_What is expected_
Only the lines from the one with "this 300×225 image." through the end of the material, both ends included, should be retyped exactly.

_Input data_
★ ★ ★ ★ ★
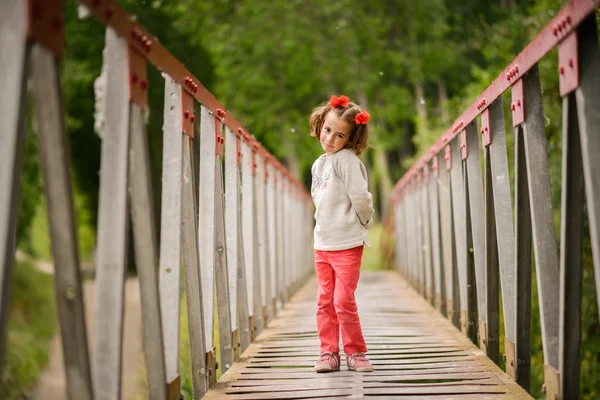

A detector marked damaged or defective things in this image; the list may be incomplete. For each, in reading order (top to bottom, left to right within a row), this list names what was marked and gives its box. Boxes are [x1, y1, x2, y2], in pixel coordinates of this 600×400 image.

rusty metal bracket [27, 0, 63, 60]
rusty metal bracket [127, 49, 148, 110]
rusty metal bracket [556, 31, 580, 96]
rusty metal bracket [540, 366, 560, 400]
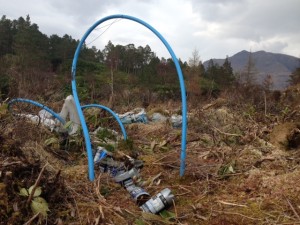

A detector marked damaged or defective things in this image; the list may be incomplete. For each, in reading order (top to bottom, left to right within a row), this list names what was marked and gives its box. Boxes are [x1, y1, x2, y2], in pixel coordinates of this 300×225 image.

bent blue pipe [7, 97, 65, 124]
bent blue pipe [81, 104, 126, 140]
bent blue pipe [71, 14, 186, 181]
★ ★ ★ ★ ★
_Task output_
A detector marked damaged or defective things in this image; the list may be incomplete. For each, in reading order (top to bottom, left to right within a row), this list names what was marked and gives its box. Boxes are [x1, y1, x2, y2], in pixel coordinates of this 300×225 image.

bent blue pipe [7, 97, 65, 124]
bent blue pipe [81, 104, 126, 140]
bent blue pipe [71, 14, 186, 181]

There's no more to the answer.